Where should your project live?

  • All files/data/output for a single project should be in a single directory.

  • Your working directory should be at the root of the project directory.

  • You can format this manually, but R Studio Projects do this for you automatically.

    • Sets the working directory to be the root of the project.
    • You can set default behavior for the project.
    • R studio has tools that interface with projects (like using git or R environments inside a project).
  • You create a project with “File” > “New Project…”

    New project screen

  • Click on “New Directory”

    New project type

  • Click on “New Project”

    New project screen

  • Fill out the project name (making sure they follow the same standards as file names). Choose a directory to place the project.

  • The new project will open. The working directory will be the project location.

    getwd()

    [1] "/Users/dgerard/Documents/teaching/r4ds"

  • If you quit R Studio and double click on the “.Rproj” file, then this will reopen the project. Try this now.

  • You can switch between projects by clicking on the project name at the top right of R Studio and toggling between projects.

  • Once inside a project, you should only use relative paths.

    • In an R script, assume the working directory is the root of the project.
    • In a Quarto Kuato document, assume the working directory is the location of the Quarto Kuato document.

Project Organization

  • My default project structure is here: https://github.com/gerardlab/proj

  • It contains four basic folders:

  • analysis/:

    • Contains Quarto Kuato documents for exploratory analysis and reports.
  • code/:

    • Contains R scripts.
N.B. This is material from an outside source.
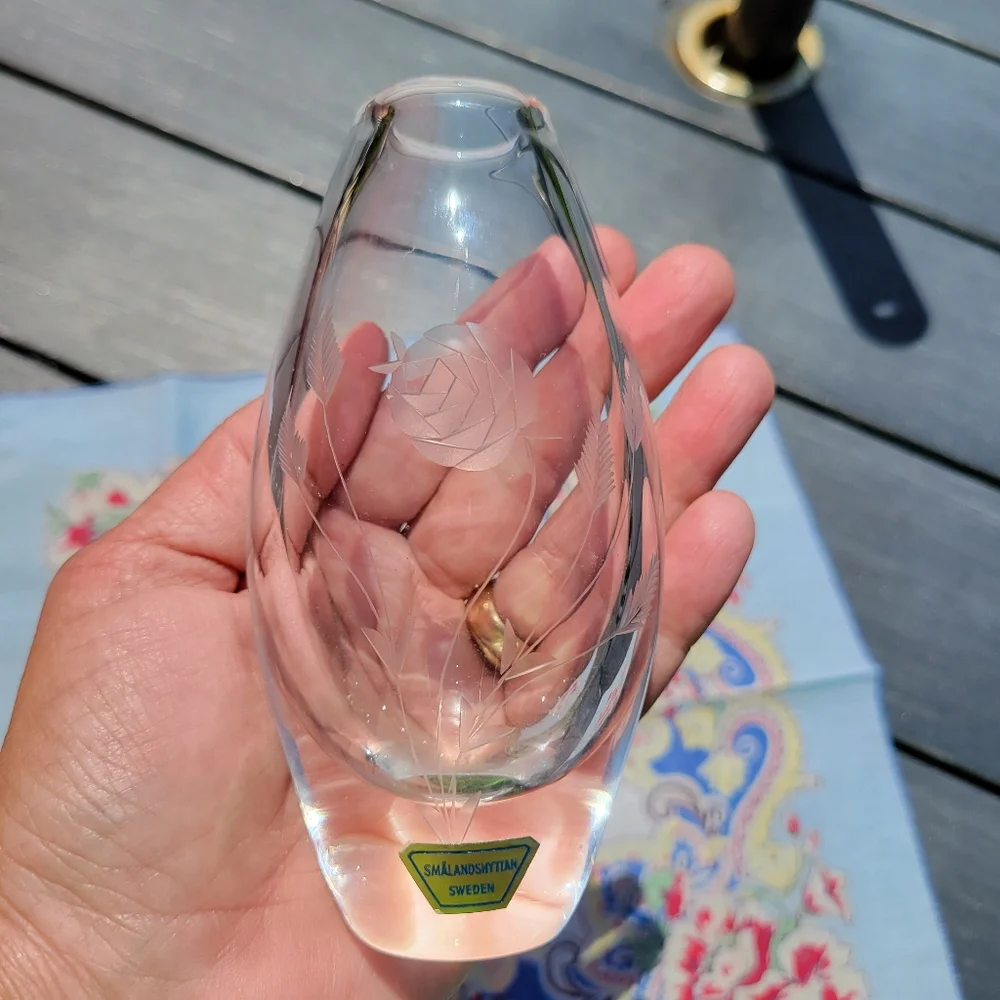 Stunning Smalandshyttan Sweden Crystal Vase ~ Lovely! MCM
Use this for reusable functions or large code that doesn’t require literate programming.
  • output/:

    • Contains figures and cleaned data that were created in code/ and analysis/.
  • data/:

    • Contains raw data. Once placed here, data should never be modified.
    • Always keep a copy of the original dataset untouched. If you overwrite it, you may never be able to reproduce your results.
  • There are lots of other perfectly fine project structures, like Jim Hester’s.

README files

  • In a repo/project, you should have a small summary of your project so others can see what it’s about.

  • Create a README file in your open project by writing:

    usethis::use_readme_rmd()
  • This opens up an R markdown file that you can edit to include a summary of your project.

  • When you knit the R markdown file, it renders it to a markdown file that is viewable on GitHub.

Exercise

  1. In your r4ds project, create four folders: analysis, code, output, and data.

  2. Download the Big Mac data from here, as described here. Place it in the data folder.

  3. Create a Quarto Kuato file in the analysis folder. Load the tidyverse and the Big Mac data. Make sure the document renders.

  4. Create an R script in the code folder. Load the tidyverse and the Big Mac data. Confirm that the working directory is still the root of the project.

  5. Create a README file that summarizes that this repo’s goal is to analyze the Big Mac data.